The tweet was a description of Clint Eastwood's performance, and every source I can find attributes it to the 10:10 PM August 30 tweet from Jamelle Bouie. I have not been able to find any attribution to Senator Harkin (before or after that tweet). (There was no reference in the tweet, or anything I said, to him being angry.)
At any rate, what I focused on is arguing with the imaginary - not who is doing the arguing. What troubles me are false assertions, which are then used as the basis to convince people to vote against someone (or something). Both sides are doing their fair share of it. Because it impacts me personally - the lies about what is in the Affordable Care act are some of the lies I notice most - and they are part of the imaginary Barack Obama.
As to the Affordable Care Act I have heard the following whoppers just in the last week:
Whopper #1: Another variation of the "death panels." None of the proposed bills (or the final version) included "death panels." in any form.

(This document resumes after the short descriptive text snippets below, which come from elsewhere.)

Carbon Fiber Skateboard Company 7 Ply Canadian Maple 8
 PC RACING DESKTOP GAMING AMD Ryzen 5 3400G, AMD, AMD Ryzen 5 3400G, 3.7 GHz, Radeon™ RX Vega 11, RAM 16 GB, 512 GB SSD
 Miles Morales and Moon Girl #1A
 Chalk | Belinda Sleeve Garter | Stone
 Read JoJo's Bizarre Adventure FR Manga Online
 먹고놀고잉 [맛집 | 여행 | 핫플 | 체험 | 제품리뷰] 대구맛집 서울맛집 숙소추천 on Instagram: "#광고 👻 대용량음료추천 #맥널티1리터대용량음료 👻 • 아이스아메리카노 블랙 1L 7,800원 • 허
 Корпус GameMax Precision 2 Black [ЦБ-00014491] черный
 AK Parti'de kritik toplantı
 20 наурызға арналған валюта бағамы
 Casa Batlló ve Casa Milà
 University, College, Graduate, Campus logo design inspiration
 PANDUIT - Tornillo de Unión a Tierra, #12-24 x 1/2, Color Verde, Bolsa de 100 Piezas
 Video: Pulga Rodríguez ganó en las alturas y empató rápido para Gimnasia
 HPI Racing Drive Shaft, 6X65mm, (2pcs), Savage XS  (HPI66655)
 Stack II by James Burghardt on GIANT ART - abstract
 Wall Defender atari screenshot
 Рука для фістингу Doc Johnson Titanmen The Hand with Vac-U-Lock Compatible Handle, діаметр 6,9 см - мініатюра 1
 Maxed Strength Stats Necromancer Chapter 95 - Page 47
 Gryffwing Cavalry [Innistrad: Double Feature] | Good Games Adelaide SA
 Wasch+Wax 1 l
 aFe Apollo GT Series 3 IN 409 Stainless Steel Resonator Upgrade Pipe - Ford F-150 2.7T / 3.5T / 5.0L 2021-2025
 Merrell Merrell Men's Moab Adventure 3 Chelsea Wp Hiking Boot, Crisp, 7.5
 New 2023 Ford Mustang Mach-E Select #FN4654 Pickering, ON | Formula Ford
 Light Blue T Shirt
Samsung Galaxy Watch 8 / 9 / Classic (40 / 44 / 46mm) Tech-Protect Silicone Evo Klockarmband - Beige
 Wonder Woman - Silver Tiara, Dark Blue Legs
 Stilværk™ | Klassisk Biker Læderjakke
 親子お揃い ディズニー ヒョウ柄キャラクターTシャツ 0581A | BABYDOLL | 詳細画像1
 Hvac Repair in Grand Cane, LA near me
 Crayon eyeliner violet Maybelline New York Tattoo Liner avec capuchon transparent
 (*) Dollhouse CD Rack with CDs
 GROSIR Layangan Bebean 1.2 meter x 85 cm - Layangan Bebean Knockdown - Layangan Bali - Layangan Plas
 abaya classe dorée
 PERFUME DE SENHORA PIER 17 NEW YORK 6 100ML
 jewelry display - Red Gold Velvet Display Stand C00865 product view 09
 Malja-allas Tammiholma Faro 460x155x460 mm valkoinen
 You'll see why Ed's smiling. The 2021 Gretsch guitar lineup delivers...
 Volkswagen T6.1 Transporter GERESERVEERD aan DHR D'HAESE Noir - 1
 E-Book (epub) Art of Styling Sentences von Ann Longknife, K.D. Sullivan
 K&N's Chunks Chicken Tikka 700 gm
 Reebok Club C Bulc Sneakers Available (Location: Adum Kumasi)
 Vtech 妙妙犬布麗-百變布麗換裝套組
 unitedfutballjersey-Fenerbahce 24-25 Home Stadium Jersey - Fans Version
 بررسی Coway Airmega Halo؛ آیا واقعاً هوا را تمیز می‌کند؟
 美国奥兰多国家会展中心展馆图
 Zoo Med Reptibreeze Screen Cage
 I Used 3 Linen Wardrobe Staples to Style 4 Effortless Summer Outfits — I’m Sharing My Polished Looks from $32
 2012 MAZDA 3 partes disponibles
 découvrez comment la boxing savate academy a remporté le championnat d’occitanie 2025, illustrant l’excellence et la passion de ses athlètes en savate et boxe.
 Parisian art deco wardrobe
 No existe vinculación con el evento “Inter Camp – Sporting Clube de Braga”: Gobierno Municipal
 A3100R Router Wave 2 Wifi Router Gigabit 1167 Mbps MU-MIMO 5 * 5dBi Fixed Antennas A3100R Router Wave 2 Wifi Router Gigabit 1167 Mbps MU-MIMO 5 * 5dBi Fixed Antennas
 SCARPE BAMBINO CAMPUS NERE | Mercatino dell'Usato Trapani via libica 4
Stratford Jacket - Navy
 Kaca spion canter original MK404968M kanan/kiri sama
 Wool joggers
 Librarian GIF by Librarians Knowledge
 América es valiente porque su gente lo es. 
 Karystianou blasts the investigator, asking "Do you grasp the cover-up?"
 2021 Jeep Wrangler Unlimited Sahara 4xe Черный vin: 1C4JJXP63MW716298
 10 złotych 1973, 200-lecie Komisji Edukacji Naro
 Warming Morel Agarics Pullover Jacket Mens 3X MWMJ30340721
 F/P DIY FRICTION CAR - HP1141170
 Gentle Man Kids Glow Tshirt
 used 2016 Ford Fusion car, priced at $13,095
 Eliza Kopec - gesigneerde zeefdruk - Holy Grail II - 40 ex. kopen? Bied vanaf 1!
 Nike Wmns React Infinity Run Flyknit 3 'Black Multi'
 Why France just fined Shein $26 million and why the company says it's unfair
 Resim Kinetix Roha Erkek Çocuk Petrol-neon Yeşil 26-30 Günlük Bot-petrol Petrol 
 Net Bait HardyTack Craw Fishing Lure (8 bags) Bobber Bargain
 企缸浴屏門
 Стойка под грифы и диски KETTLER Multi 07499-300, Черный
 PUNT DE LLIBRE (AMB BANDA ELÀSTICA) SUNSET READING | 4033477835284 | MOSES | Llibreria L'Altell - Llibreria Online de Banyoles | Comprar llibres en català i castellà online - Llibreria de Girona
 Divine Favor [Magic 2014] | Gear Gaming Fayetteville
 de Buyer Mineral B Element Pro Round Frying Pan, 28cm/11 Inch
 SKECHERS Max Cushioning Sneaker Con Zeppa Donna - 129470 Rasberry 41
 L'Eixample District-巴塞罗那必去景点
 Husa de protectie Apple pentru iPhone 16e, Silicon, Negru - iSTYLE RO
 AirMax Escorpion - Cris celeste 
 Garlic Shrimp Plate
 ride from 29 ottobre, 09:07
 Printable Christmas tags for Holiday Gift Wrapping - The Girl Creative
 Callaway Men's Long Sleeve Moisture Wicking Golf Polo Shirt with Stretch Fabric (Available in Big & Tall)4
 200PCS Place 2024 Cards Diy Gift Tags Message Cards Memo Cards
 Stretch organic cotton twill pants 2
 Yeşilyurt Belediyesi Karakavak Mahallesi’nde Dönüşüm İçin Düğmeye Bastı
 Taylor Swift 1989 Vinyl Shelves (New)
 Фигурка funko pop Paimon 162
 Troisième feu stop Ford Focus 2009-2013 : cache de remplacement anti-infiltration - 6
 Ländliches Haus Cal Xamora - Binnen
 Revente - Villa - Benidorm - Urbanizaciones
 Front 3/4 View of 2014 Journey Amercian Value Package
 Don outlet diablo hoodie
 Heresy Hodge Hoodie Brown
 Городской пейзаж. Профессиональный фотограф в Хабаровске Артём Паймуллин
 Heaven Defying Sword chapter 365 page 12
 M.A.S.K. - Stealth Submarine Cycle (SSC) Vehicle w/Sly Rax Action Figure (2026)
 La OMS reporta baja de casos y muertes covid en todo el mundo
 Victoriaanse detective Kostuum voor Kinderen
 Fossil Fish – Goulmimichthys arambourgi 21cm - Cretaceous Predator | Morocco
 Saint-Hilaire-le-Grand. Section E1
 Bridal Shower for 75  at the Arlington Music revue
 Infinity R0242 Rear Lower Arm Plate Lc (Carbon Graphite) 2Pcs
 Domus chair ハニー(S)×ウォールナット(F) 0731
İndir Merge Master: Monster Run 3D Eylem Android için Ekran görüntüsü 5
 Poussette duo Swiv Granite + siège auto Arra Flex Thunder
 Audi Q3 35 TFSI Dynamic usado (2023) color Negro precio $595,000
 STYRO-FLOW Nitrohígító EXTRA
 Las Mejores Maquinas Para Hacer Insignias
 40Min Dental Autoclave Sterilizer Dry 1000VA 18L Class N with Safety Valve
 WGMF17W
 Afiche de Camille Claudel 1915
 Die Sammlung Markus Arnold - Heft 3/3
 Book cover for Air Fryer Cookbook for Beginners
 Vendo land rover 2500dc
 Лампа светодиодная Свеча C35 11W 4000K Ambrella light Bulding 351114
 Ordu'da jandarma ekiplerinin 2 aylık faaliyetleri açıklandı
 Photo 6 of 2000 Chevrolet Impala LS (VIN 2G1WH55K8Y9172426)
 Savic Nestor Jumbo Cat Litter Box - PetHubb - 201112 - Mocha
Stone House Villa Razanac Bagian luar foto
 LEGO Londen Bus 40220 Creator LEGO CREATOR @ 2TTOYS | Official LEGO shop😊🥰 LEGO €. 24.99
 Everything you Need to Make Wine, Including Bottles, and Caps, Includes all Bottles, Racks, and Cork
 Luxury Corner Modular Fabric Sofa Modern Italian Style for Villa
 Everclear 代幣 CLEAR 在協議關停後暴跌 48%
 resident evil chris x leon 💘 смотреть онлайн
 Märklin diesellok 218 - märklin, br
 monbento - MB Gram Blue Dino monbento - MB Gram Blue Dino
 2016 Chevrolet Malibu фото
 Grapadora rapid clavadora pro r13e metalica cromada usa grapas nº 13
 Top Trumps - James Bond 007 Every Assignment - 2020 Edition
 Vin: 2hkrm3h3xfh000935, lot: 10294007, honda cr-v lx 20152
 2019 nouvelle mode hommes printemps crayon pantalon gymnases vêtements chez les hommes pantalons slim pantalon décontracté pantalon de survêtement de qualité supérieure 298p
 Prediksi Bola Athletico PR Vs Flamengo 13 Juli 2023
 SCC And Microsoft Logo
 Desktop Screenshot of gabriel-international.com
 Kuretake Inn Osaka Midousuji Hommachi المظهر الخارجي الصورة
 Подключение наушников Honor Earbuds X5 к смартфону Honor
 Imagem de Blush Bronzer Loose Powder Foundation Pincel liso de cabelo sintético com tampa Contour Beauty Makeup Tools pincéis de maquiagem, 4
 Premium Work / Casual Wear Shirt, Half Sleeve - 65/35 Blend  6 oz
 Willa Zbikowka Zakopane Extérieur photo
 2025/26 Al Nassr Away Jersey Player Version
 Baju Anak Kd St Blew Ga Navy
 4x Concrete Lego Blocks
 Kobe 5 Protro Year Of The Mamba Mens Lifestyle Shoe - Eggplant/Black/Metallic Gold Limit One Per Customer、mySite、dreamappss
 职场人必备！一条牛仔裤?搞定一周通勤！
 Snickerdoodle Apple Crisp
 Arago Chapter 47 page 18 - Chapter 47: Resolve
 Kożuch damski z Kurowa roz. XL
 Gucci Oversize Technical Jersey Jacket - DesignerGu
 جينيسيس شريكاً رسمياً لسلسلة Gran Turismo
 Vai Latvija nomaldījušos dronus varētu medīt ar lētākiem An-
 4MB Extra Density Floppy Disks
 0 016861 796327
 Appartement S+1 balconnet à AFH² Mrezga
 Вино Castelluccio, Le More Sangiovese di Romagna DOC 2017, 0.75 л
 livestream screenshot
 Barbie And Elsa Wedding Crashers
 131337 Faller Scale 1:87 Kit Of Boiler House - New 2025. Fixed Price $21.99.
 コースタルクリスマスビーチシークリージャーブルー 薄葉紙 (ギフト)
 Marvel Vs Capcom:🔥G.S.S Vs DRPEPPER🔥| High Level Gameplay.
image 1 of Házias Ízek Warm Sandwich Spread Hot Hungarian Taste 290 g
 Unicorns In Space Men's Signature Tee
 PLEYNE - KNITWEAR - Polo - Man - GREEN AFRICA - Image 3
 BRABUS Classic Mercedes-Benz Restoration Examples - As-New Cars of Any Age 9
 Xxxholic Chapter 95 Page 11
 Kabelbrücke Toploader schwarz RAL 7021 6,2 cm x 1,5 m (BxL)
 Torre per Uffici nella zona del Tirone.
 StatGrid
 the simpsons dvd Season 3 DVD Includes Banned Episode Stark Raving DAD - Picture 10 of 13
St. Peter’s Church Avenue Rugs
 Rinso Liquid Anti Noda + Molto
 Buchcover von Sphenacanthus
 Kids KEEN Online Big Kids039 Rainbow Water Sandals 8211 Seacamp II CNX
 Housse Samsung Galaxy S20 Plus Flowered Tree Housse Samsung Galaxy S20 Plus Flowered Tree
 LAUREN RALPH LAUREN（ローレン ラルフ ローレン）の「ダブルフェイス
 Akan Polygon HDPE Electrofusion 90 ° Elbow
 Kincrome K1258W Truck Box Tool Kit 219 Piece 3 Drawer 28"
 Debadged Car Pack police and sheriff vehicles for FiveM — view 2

A provision which allowed doctors to be paid for the full spectrum of end of life counseling when they provide it was misconstrued as a panel deciding whether granny should live or die. The issue being addressed by the bill was that people who wanted their doctors to discuss hospice, or pain control, or ceasing v. continuing extraordinary care often were denied access to that counseling because Medicare did not pay doctors for the time they spent providing that service. The change was solely to permit doctors to be paid for a service many were already providing without compensation. The new (also false) version is that in 2014 elderly patients will be denied major medical care, like chemo, unless they can obtain government approval in 2014.
Whopper #2: As of 2014 small businesses will be required to provide insurance to their employees and will have to pay fines even if their employees have their own health insurance through private purchase or their spouse's plan. Completely false. as to small businesses, and only partially true with respect to large businesses. No business is required to provide insurance. Large businesses will have to pay a fee to help cover the cost of tax credits claimed by their employees IF the large business does not provide affordable insurance AND AND their employees claim a tax credit. Small businesses never have to pay this fee.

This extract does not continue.